We were just for snacks at Amro in Gachibowli

The cosy bistro’s must-haves include Biscoff and Cinnamon Latte, Drums of Heaven and Aam Mojito
Brioche Bread
Brioche Bread

Amro strikes a chord with its blend of flavours and a spotlight on artisanal bread, yet it faces the common pitfalls of niche eateries: balancing novelty with coherence and managing a price point that reflects its premium offerings without alienating diners.

Starting strong, the Aam Mojito and Lychee Bubble Tea were refreshing, albeit more novelty than necessity. The Dynamic Prawns and Drums of Heaven set a high bar, skillfully executed with a balance of spices that teased the palate. The Broccoli Florentine and Oriental Rice Bowl offered a commendable nod to vegetarians, though they tread familiar ground without much innovation.

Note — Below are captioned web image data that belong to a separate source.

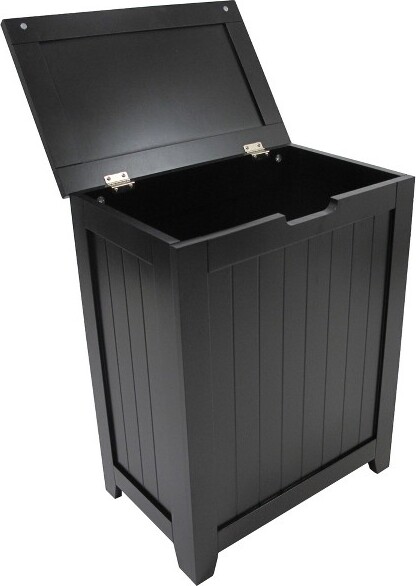Redmon RedmonCountryWainscotStyleClothesHamper,ContemporaryFreestandingLaundryBasketwithLid,18''x11.25''x23.25'',Black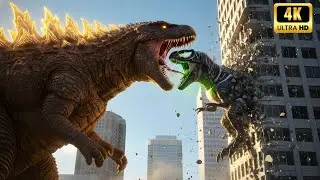 Godzilla vs Venom T-Rex &ndash; Brutal City Fight | Epic Monster Realm | 4K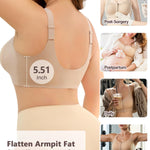 Slimers Zip Front Bras for Women: Wireless Post Surgery Compression Bars Full Coverage Comfort Everyday Beige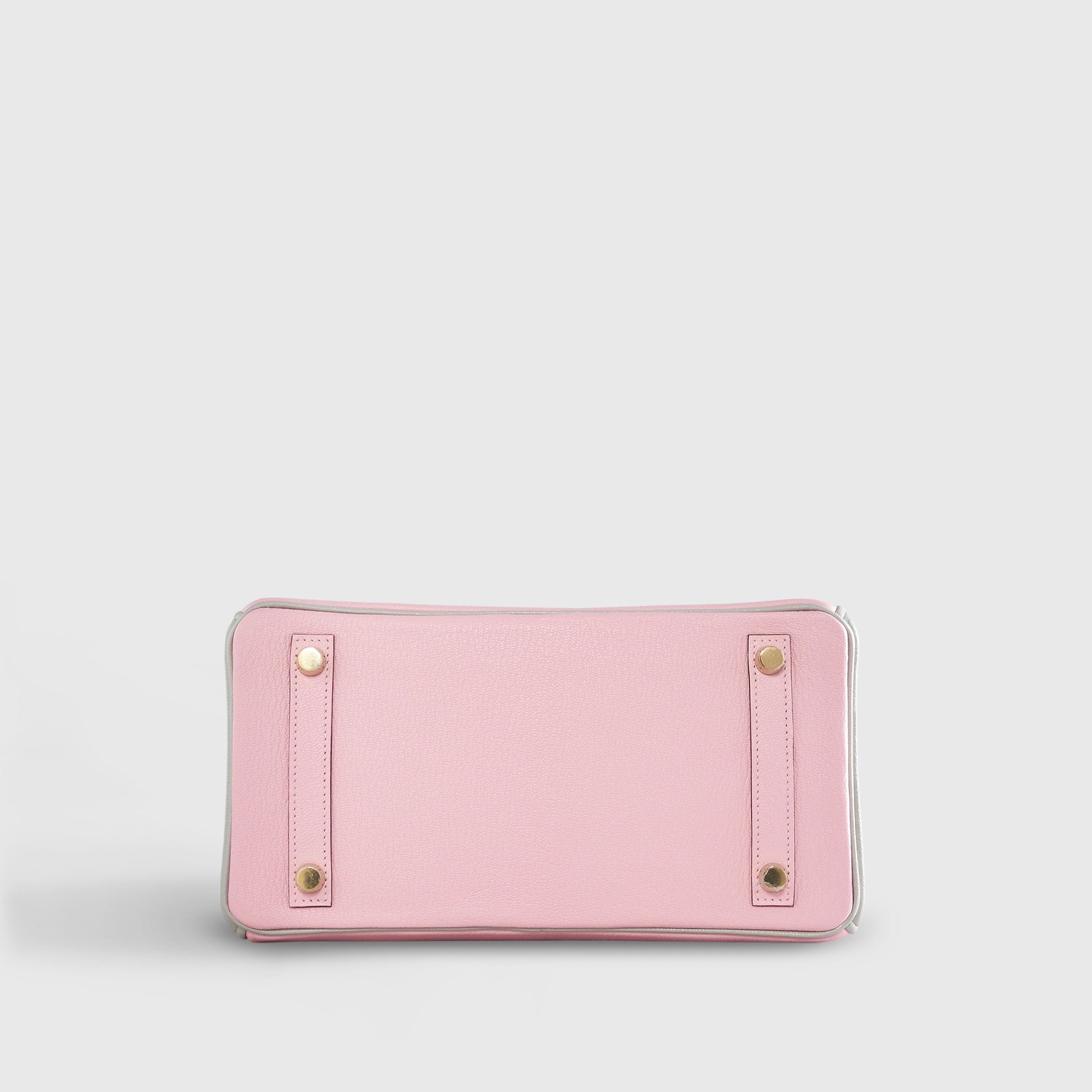 Hermès Birkin 25 Chevre Rose Sakura / Gris Perle Brushed Gold Hardware HSS - eliteUSA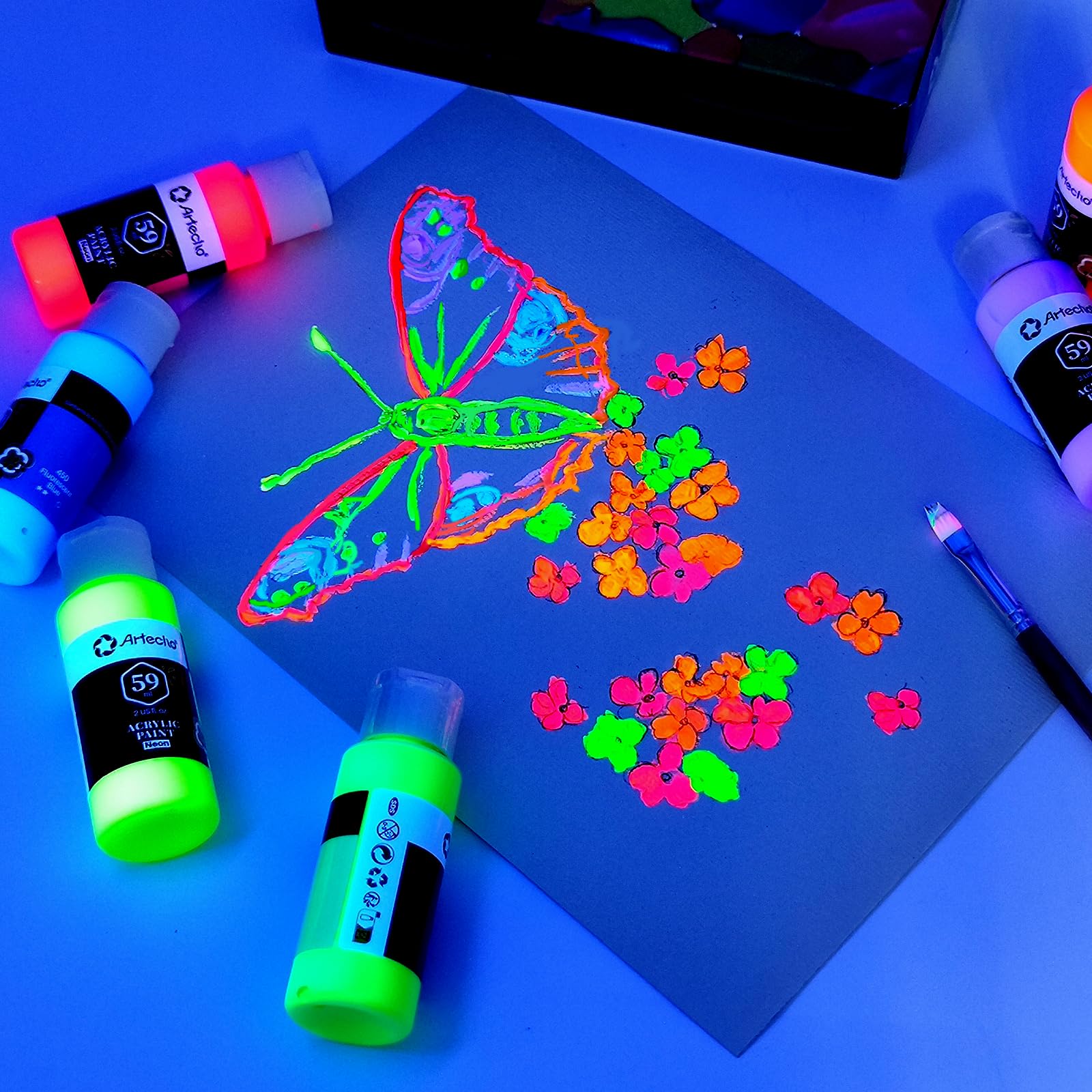 Glow in the Dark Acrylic Paint, 6 Colors (59ml / 2oz)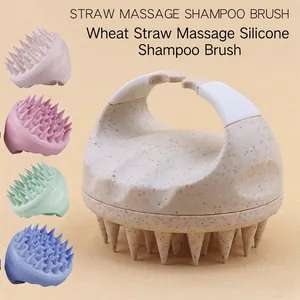 Silicone Scalp Massage Brush Shampoo Scrubber For Hair Washing Ergonomic Handle Wheat Straw Head Massager Manual Exfoliating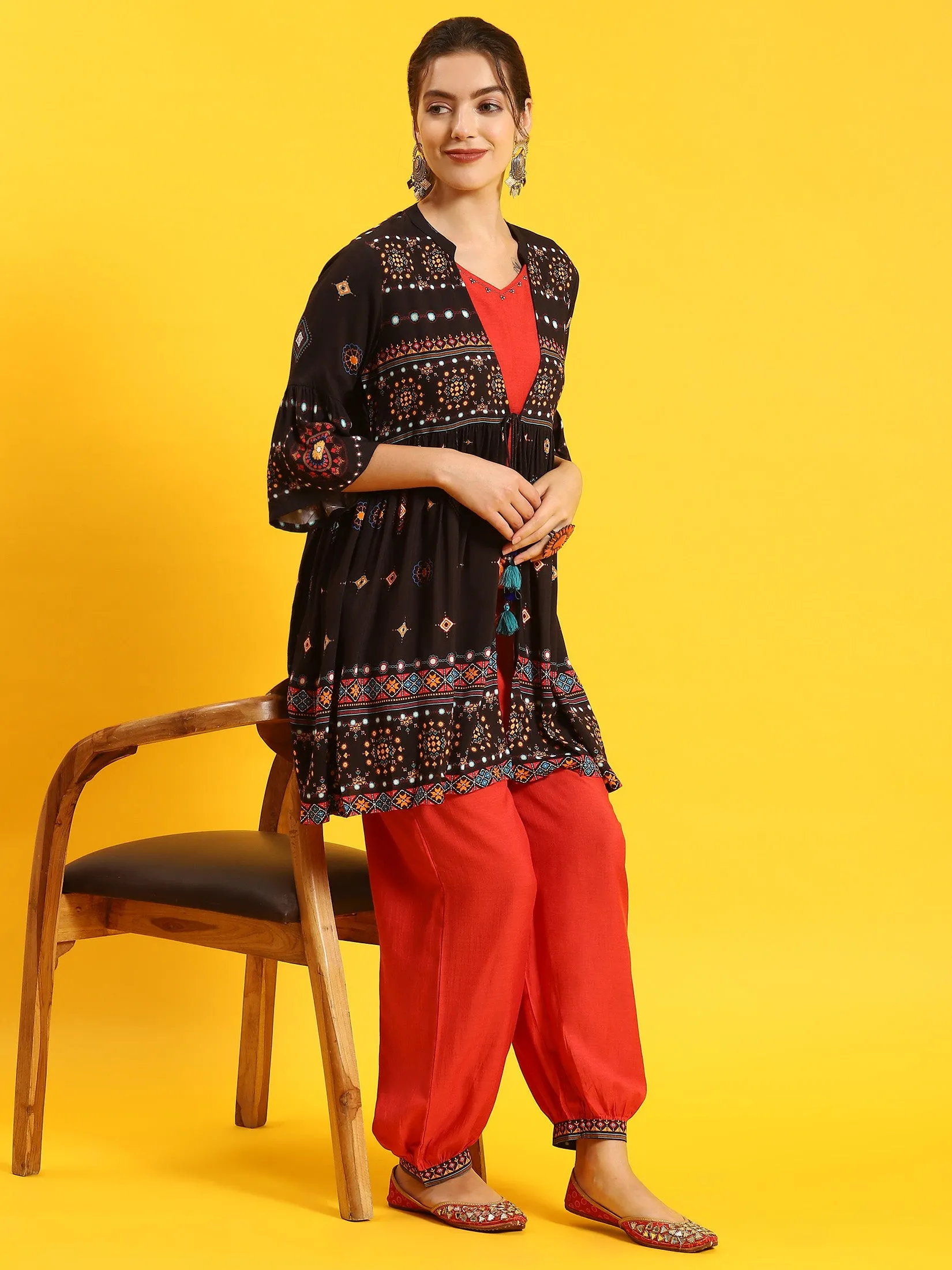 Women Black Printed Kurta Jacket Harem Pant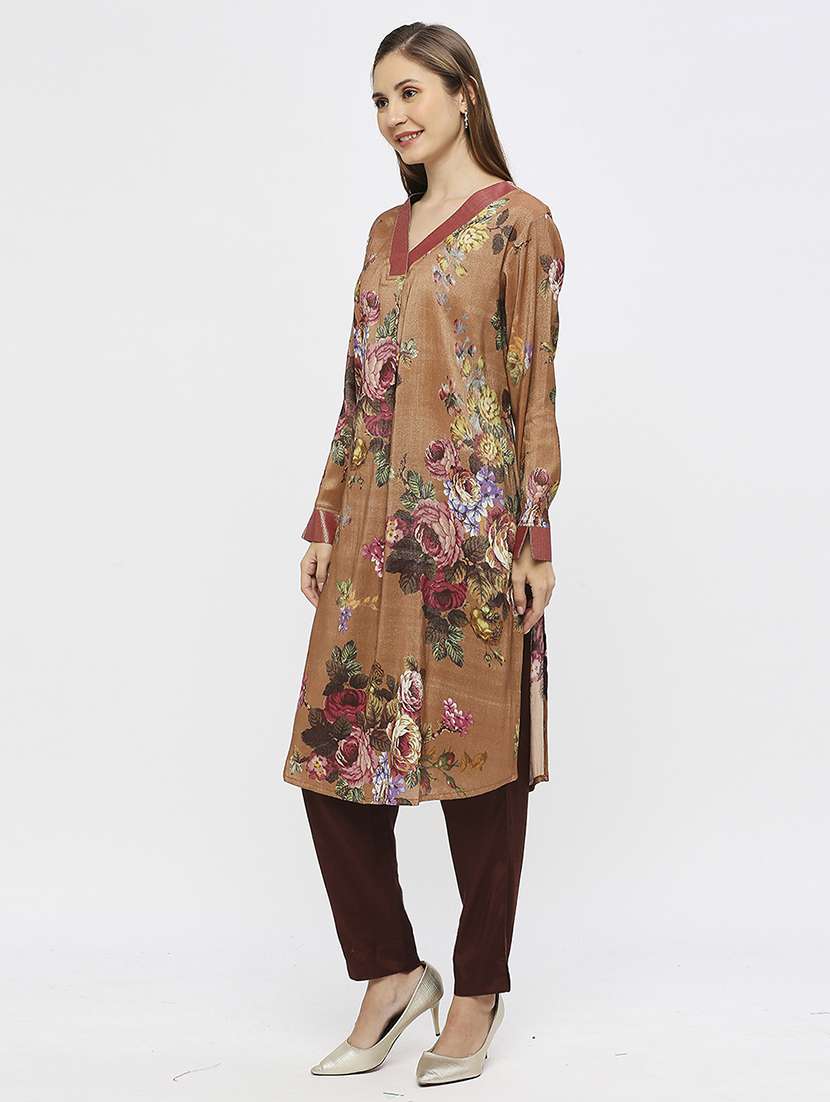 women floral long sleeve straight kurta - 21662216 - Standard Image - 2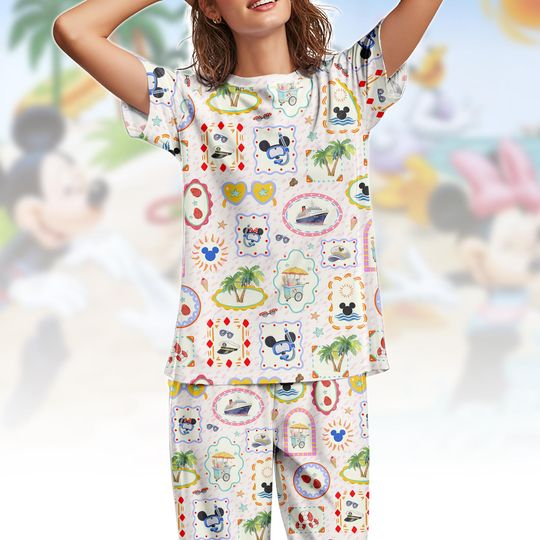 Discover Disney Cruise T-Shirt & Pants PJs, Mickey Mouse Tropical Pajamas Set, Mickey Disney Cruise Outfit, Disney Vacation Outfit, Gift For Her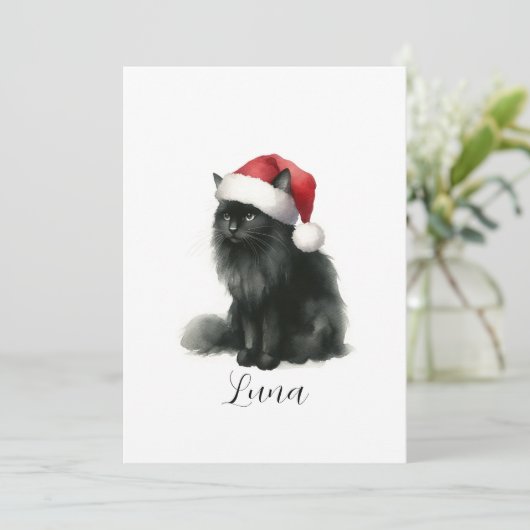 水彩画の黒猫がサンタの帽子をかぶったフェスティブなクリスマスカード シーズンカード (スタンド正面)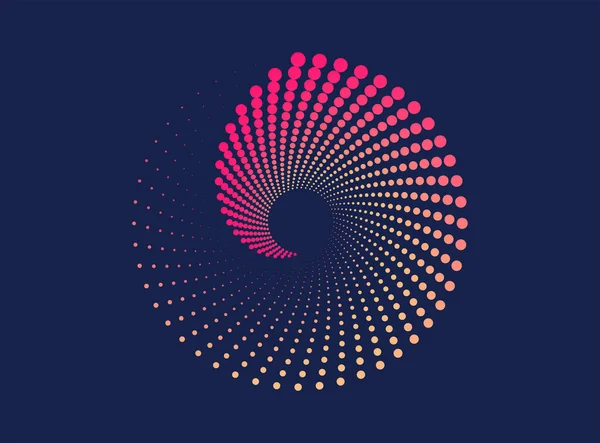 Dinamik spiral yarım ton kalıbı. Soyut noktalı. Renkli bir geçmişi var. Tasarım elementi. Vektör illüstrasyonu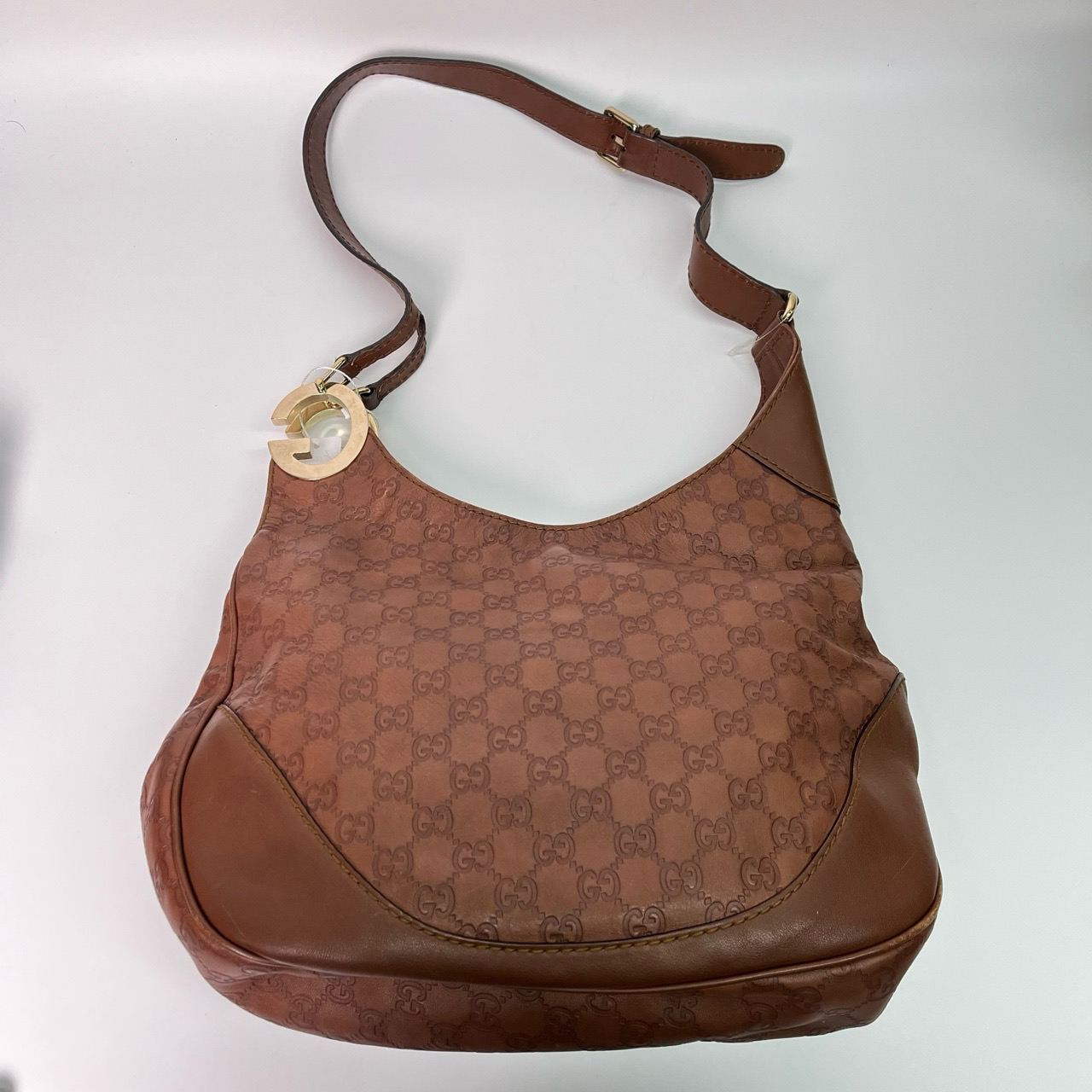 95新 GUCCI/古驰 棕色老花浮雕 金扣 托特包/7544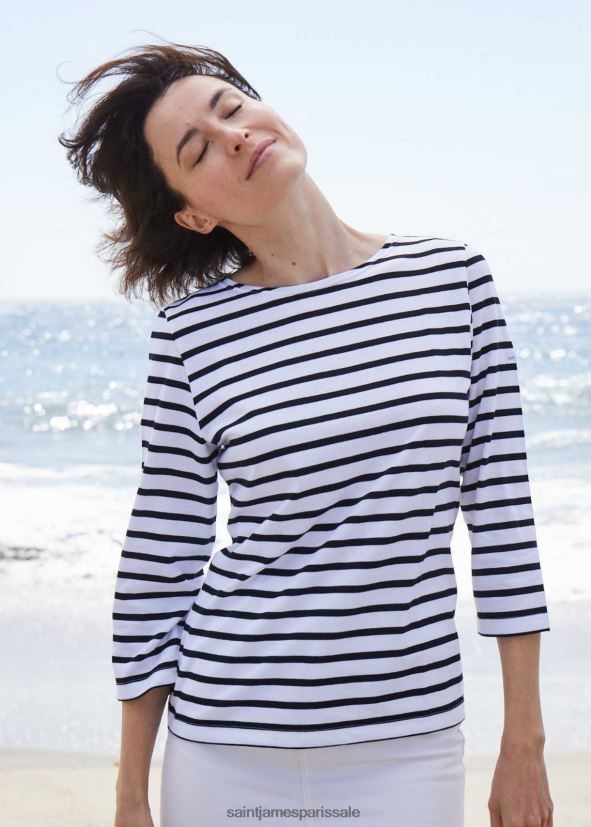 Saint James Galathée II blanc noir femmes marinière rayée avec manches coupe en coton doux ZZ48R251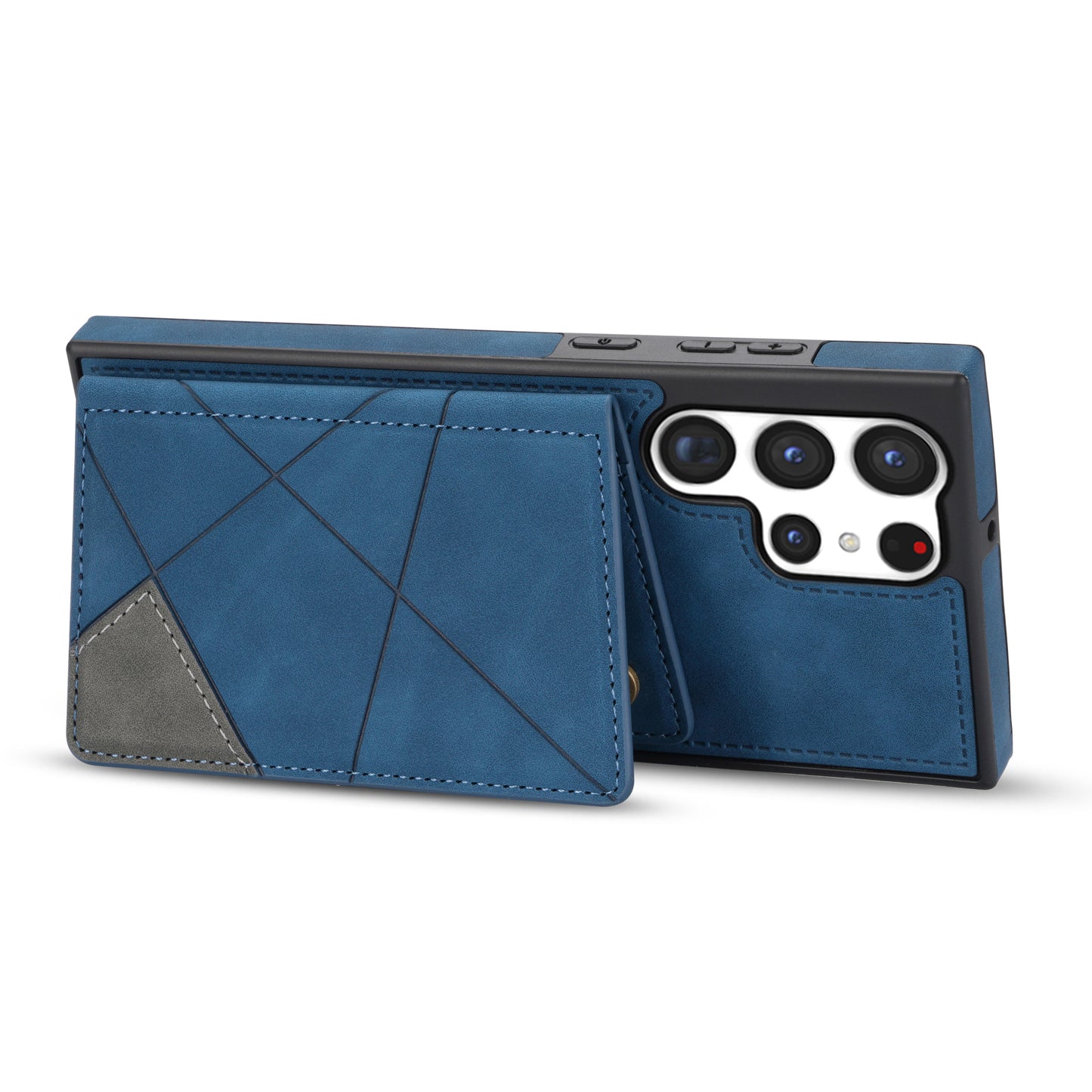 For Samsung Galaxy S24 Ultra Case Line Splicing Imprinted PU Leather+TPU Kickstand Phone Cover - Blue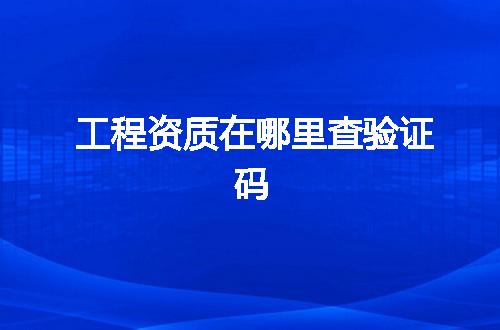 工程资质在哪里查验证码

The Cream of Mushroom soup was a standout, its depth of flavour and texture showcasing what the eatery does best: elevate basics into something memorable. The mains, particularly the Amro Signature Spicy Burger, underscore the café’s USP— artisanal bread that elevates a simple burger into a culinary one.

Yet, the Spicy Chicken Steak, while competently prepared, struggled to leave a lasting impression amidst a sea of similarly spiced offerings. The final act, a Biscoff and Cinnamon Latte encapsulated the menu’s ambition to merge comfort with a soothing yet intriguing concoction.

However, the ambience, while aesthetically pleasing, could become congested, diminishing the overall dining comfort. Moreover, the pricing strategy, leaning towards the higher end, may detert frequent visits, especially when the novelty wears off.

The place is a mixed bag — a commendable effort in culinary exploration and artisanal baking, yet its success hinges on its ability to refine its offerings and ambience to offer not just food, but an experience that justifies its premium.

`800 upwards for two. At Gachibowli.